Task objective: Each line below must be reproduced exactly.

The data:

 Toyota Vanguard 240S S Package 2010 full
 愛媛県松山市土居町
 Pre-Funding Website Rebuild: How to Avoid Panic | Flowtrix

Task result:
 Toyota Vanguard 240S S Package 2010 full
 愛媛県松山市土居町
 Pre-Funding Website Rebuild: How to Avoid Panic | Flowtrix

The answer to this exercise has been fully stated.